Chris Ofili created a new suite of paintings and transformed the inside of the British Pavilion with an ambitious installation in collaboration with the architect David Adjaye.
Ofili came to prominence in the early 1990s with richly orchestrated paintings that upped the ante on a whole range of subjects: from decoration and excess to cultural politics and black stereotyping. He brings attention to painting’s continuing ability to deepen and enrich, extending its range through a brilliant and eclectic mix of materials: he won the prestigious Turner Prize in 1998 with colourful works made of dried elephant dung and glitter.
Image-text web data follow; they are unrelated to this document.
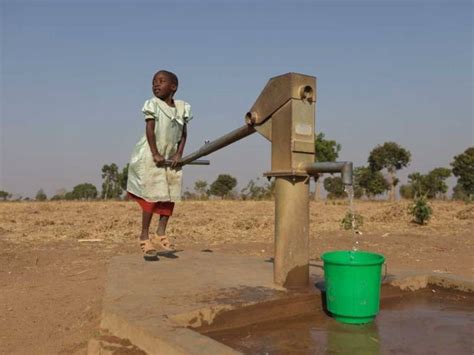 Trinkwasserbrunnen In Malawi Agenda 21 Bilder Umwelt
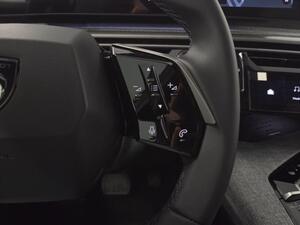 Peugeot 3008 3008 ALLURE 1.2 MHEV HYBRID 145 EDCS6 5P (KMO) 13
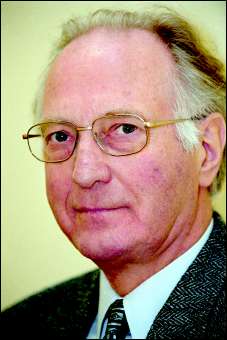 [Erlendur+Haraldsson.jpg]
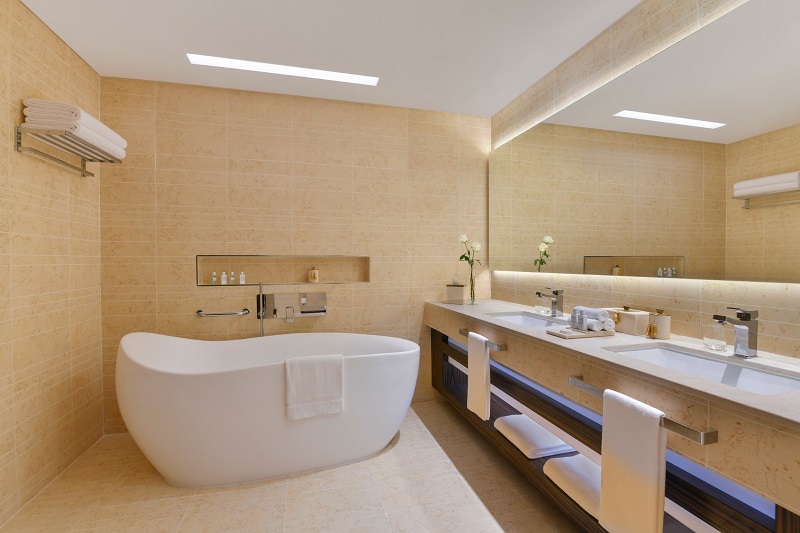 سوفيتل دبي ذا أوبليسك حيث تلتقي عظمة الأهرامات بـ فن العيش الفرنسي في قلب دبي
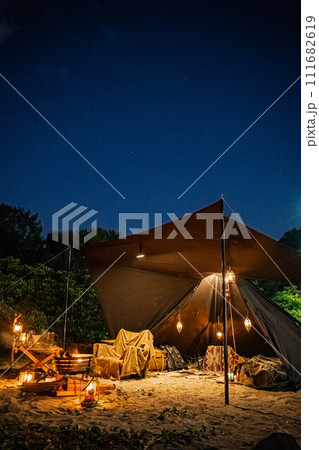 テントレイアウト 夜キャンプ ランプ 外 ランタン 焚き火  夜空 111682619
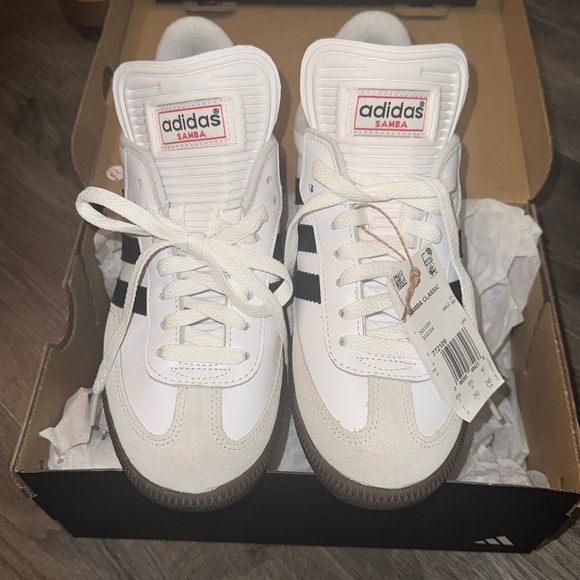 Adidas Samba Classic. New with tags in box. - Picture 1 of 3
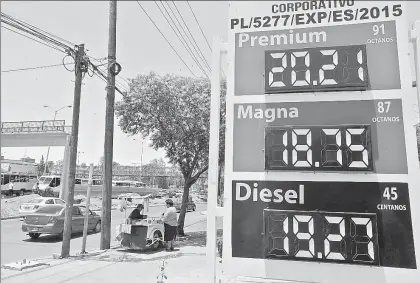  ??  ?? Analistas consideran que el actual gobierno se equivocó en su política económica al liberar los precios de las gasolinas en un momento en el que México es un importador neto y el dólar va a la alza ■ Foto Carlos Ramos Mamhua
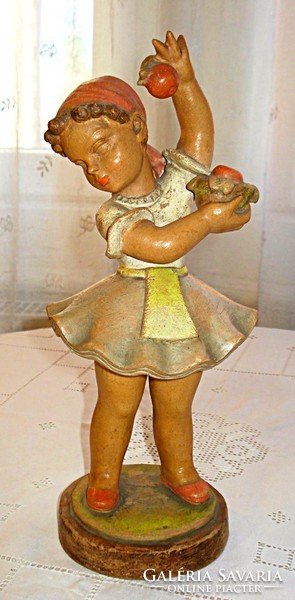 Gondos: almaszedő kislány (az 1940-es évekből) M =28 cm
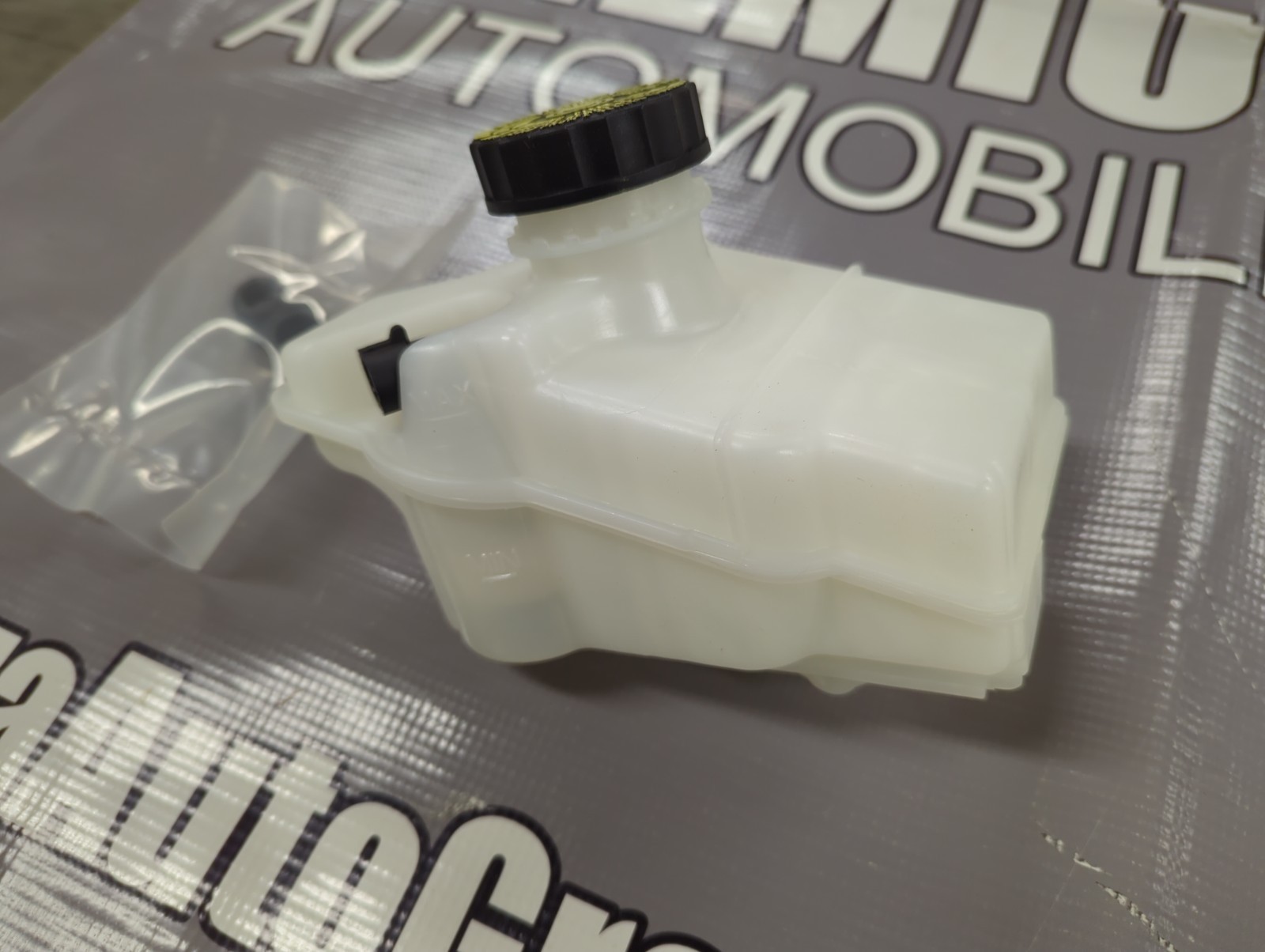 OEM Maserati Brake Booster Tank, Levante 4x4, 17-24, 673007334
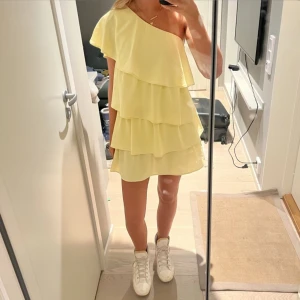 Zara klänning gul - En fin volang klänning nu till sommaren i storlek S. Använd fåtal gånger och som ny!! Passar perfekt till om ni ska gå på bröllop eller student🌷🌷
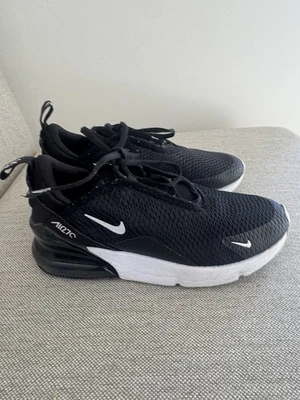 Nike Air Max 270 pré-escolar tamanho 2Y - Imagem 1 de 4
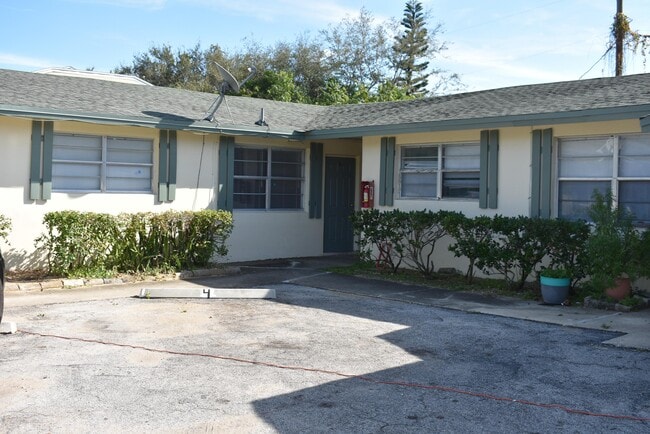207 Southland Dr in Fort Pierce, FL - Building Photo - Building Photo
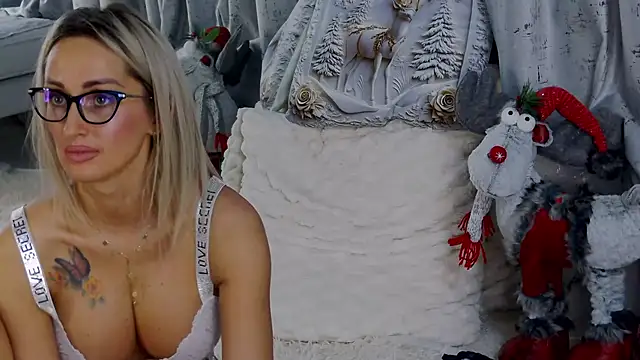 IsabelleEthan's cam snapshot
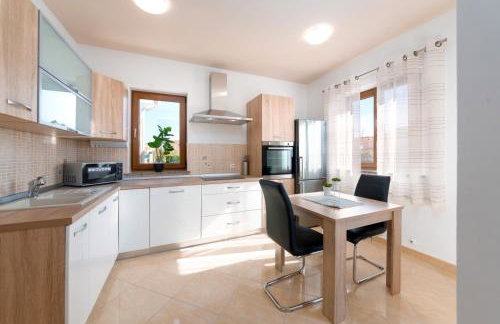 Villa Marko Kaštelir - Foto 22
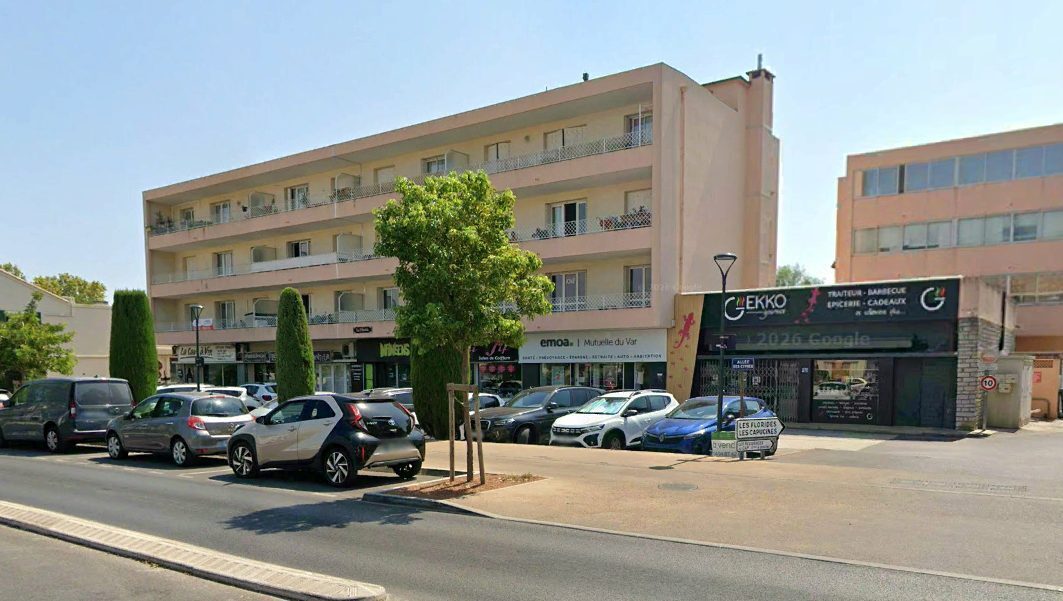 Retail in La Seyne-sur-Mer to rent Building Photo- Image 1 of 3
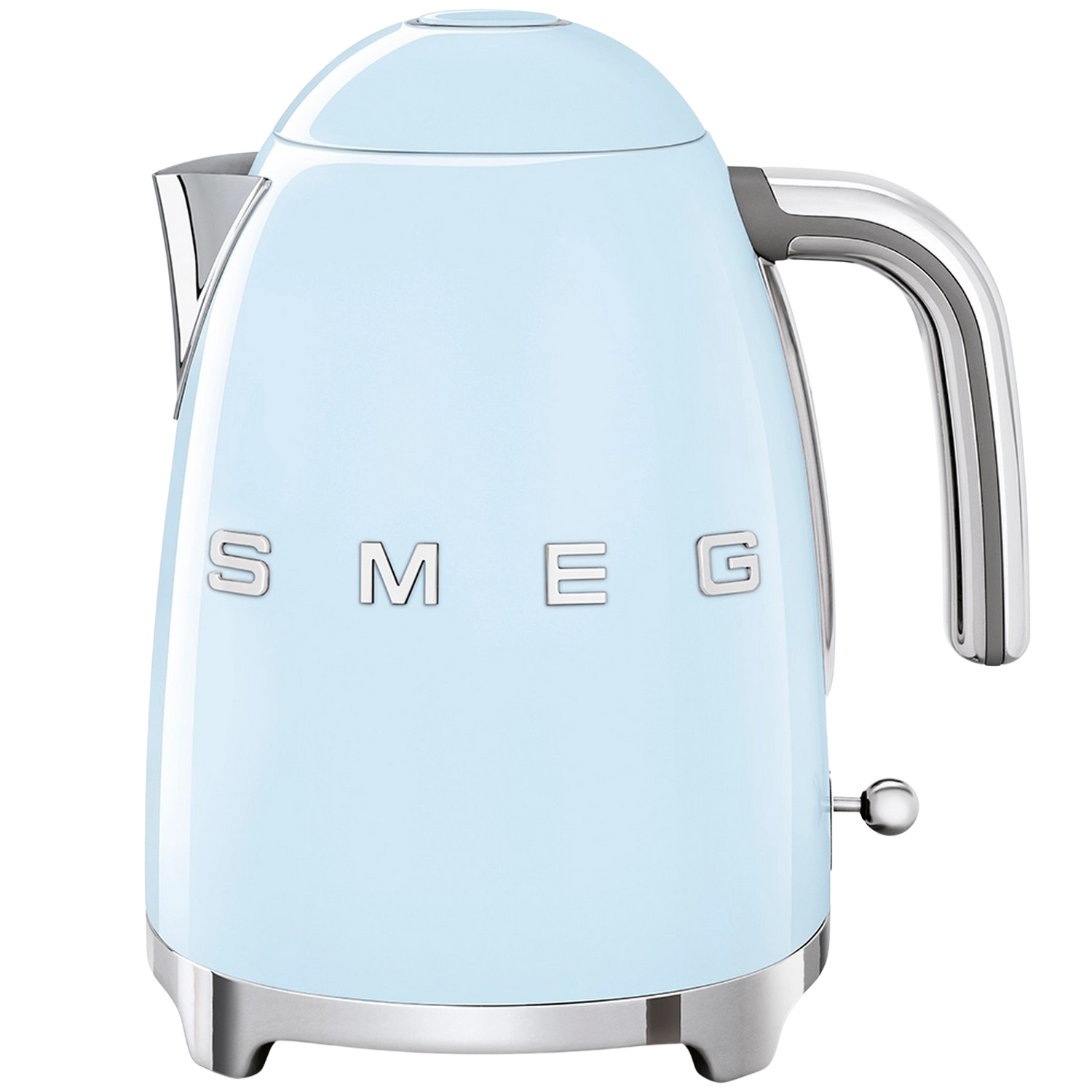 Bouilloire Smeg bleu clair. Poignée, base et bec chromés. Logo Smeg en lettres argentées.
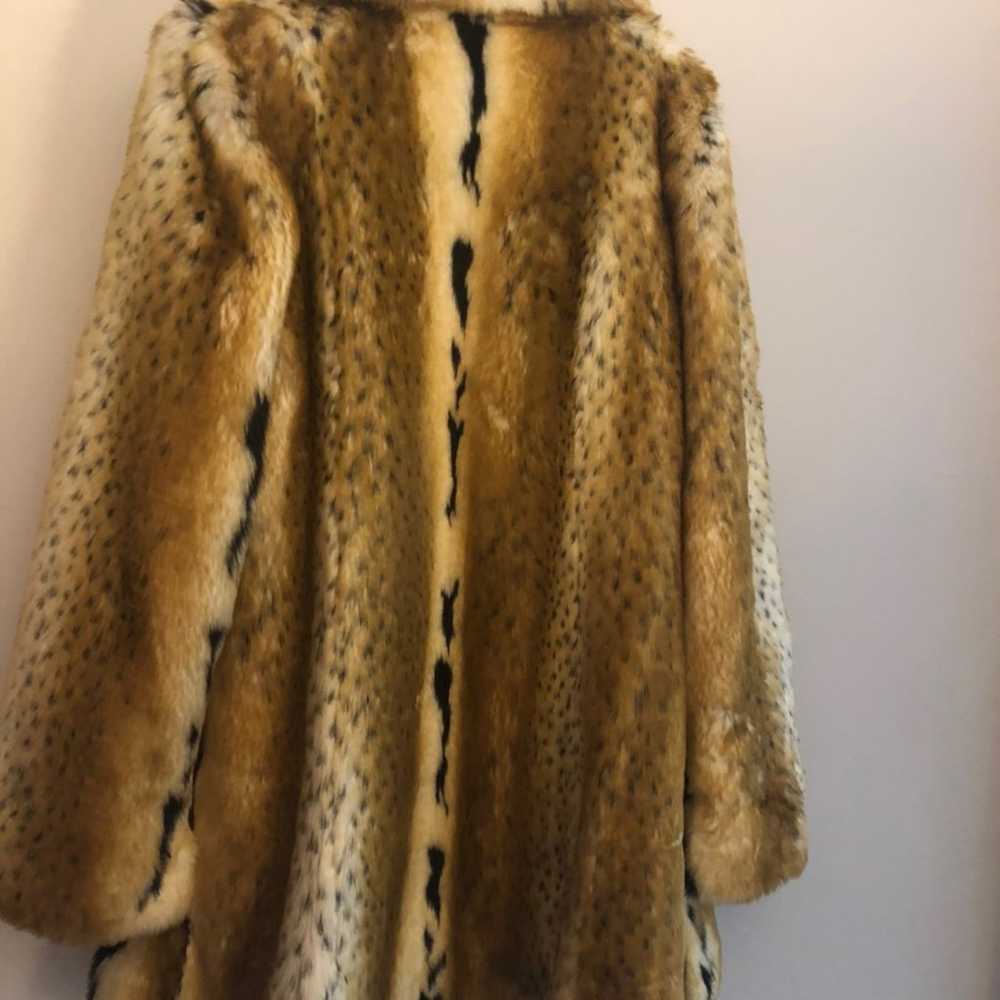 Pamela McCoy Gorgeous Faux Fur Lynx Coat - image 2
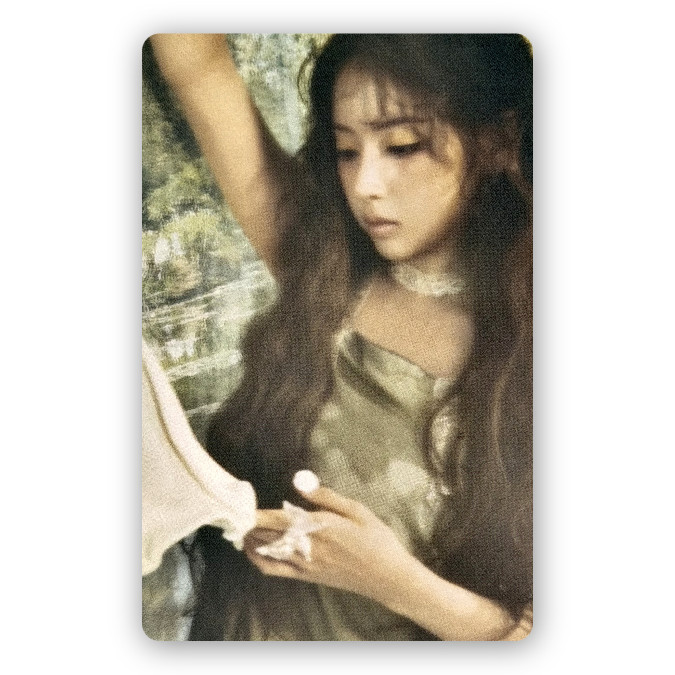 Jiwoo [NMIXX] Apple Music light ver. Photocard MUSE [12637]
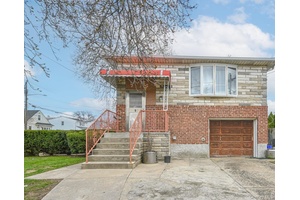 Beautiful Hi Ranch in Highly Desirable Valley Stream !
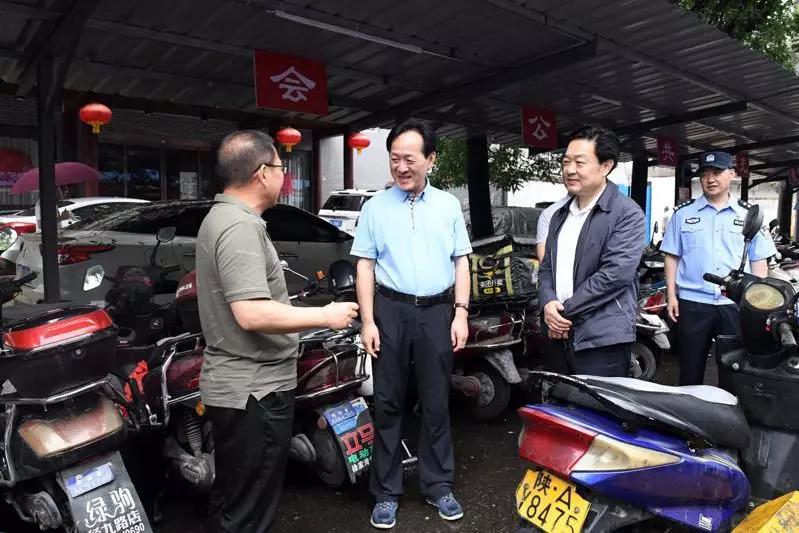 区委书记赵小林督导检查"三电"专项治理,国卫复审和垃圾分类整治工作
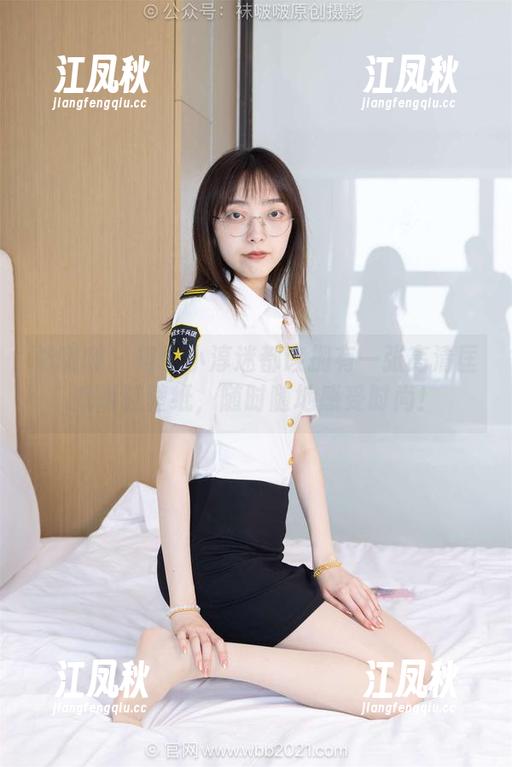 袜啵啵 - 每个小淳迷都该拥有一张高清匡威板鞋壁纸，随时随地感受时尚！
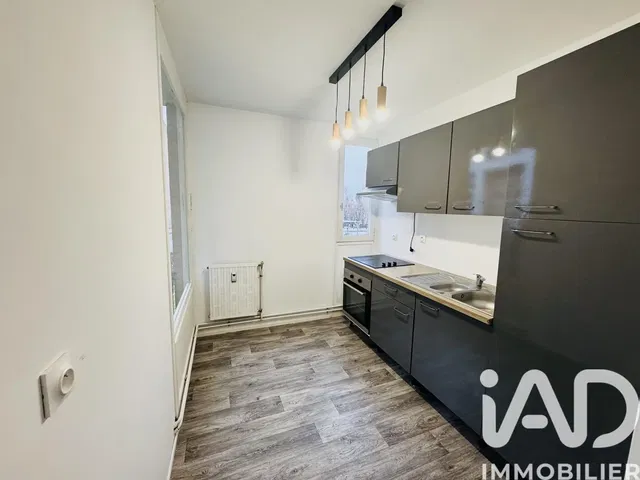 Cucina; elettrodomestici, luce naturale, stile moderno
Since 2000, Ofili had been working on his series of red, black and green paintings, such as Afro Love and Envy and Afro Jezebel (both 2002-2003), as these are the colours of the pan-African union flag. These colours saturated not only the paintings and Adjaye’s immersive installation within the Pavilion, but a red, black and green version of the Union Jack, entitled Union Black (2003), was also hung outside the building and adorned the cover of the exhibition catalogue.
Adjaye’s installation made the Pavilion almost unrecognisable. For the exhibition, entitled Within Reach, the walls were painted, carpets were laid and a glass sculpture, Afro Kaleidoscope, covered the skylight of the main gallery space, tinting the Venetian light that shone through.
“Usually an oasis of cool understatement, for once those lovely rooms [of the British Pavilion] pulsated with hot colour and blissfully sensual imagery,” said art critic Richard Dorment.